Accountability
Up until now, I have probably thought about accountability the way most young guys do: spilling the beans on myself when I fall short and hopefully getting some help when I’m tempted to do something dumb. Accountability hasn’t been the most exciting topic I’ve ever heard talked about in Church but something happened recently to change the way I think about it.
Over the holiday break, I had a God-dream about accountability - odd topic for a dream I know! In the dream, there were multiple areas in my life where I was frustrated and stuck in. Everything from my relationships, to my marriage, my finances, my ministry, and my personal growth for my future; they were all stalled out and stagnant. I was falling short in all these areas of my life and just couldn’t get it together. Nothing was all-the-way wrong, but nothing was all-the-way right either.

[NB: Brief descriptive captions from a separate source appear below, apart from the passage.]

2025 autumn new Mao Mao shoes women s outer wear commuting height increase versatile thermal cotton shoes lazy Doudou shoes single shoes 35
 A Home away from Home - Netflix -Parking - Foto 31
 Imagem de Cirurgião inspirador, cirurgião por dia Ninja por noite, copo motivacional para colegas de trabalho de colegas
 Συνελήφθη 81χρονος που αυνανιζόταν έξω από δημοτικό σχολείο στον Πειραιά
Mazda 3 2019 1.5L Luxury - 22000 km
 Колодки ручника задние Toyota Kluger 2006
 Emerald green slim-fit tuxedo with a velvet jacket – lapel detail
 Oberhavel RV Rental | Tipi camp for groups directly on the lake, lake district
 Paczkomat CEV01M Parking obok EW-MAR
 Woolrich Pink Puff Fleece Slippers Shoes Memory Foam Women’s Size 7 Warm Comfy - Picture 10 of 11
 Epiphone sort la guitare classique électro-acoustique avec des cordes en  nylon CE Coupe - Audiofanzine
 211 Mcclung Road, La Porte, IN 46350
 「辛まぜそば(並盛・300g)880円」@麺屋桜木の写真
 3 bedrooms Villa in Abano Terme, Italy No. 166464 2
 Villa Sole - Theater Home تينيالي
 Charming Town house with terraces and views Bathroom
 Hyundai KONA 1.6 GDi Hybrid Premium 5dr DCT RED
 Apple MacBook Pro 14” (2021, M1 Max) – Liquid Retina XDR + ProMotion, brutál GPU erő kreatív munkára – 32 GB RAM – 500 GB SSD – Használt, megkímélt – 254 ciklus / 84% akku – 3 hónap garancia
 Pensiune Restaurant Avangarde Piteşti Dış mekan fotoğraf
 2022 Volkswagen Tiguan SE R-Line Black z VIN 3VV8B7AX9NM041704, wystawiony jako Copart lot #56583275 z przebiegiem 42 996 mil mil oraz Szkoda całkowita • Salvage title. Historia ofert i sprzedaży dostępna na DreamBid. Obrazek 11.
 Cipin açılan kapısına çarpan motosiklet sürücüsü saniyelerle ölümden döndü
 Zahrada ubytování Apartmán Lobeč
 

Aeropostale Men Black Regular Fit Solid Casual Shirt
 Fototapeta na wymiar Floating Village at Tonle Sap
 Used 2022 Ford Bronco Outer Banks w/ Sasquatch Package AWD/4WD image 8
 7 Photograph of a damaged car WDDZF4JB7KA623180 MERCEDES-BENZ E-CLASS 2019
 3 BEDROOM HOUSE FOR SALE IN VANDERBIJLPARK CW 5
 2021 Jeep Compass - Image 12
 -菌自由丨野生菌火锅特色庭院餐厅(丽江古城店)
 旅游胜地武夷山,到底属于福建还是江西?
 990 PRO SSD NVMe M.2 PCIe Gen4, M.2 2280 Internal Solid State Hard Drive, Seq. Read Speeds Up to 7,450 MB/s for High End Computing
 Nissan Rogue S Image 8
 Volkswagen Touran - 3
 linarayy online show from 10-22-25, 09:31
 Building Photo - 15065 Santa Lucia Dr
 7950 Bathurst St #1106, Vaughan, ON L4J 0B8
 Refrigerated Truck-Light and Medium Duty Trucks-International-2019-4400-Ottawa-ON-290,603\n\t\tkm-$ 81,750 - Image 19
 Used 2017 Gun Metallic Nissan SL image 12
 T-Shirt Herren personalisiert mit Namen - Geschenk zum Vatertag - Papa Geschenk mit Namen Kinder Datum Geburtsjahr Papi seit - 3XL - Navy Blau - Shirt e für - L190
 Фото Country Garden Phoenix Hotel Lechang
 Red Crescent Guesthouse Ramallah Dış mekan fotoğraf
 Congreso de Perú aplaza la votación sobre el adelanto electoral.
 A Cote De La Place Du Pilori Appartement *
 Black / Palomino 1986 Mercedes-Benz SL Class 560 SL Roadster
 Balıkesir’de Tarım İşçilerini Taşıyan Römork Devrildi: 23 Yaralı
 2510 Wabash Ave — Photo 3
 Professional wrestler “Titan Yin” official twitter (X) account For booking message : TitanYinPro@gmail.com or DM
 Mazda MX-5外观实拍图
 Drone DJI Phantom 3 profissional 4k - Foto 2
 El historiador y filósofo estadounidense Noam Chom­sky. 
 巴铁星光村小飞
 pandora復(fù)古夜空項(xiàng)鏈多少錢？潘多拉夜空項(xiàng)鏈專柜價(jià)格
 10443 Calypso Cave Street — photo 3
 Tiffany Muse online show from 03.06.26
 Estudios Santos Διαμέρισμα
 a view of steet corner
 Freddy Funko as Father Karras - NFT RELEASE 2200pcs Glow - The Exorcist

Then immediately, one by one, I saw each of these areas of my life experience breakthrough. Each time this happened, the world “accountability” would fill my mind. God was telling me that accountability would be what I needed to take all these areas of my life to the next level!
As soon as I started thinking through all of this, it became clear that I needed more people in my life. Like, for real in my life. With the pace that many of us live at, it’s hard for us all to stay connected and current with each other. However, accountability only works if I take the time to share with someone the person God has called me to be. As I begin to share the dreams that God has put in my heart with you, every time we interact, I am reminded of who I really am. This is what accountability really is.
I know longer see accountability as me reminding you how much I struggle. Accountability is you reminding me of the amazing person God sees me as. Accountability is a reminder to keep my foot on the gas pedal and see the promises of God come true in my life. Accountability is an encouragement to remember God’s call!
So here’s my question I’d like you to ask yourself for this new year:
Who am I connected and accountable to?